══ INFORMATION PROVIDED ══
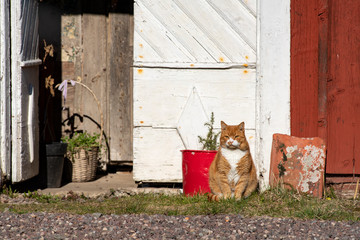 Orange Cat on Guard, guarding the entrance of the farm on the idyllic countryside.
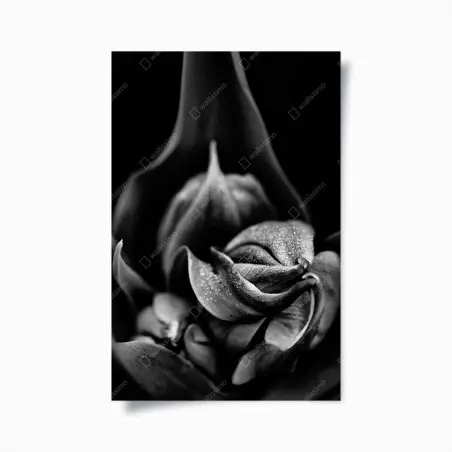 Poster élégance florale en noir et blanc – Wallnifity®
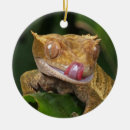 Recherche de chameleon ornements Nature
═══
:: TASK GOAL ::
The data above must be written out again without alteration, and the pictures in them must be excluded.

:: WRITTEN ANSWER ::
 Orange Cat on Guard, guarding the entrance of the farm on the idyllic countryside.
 Poster élégance florale en noir et blanc – Wallnifity®
 Recherche de chameleon ornements Nature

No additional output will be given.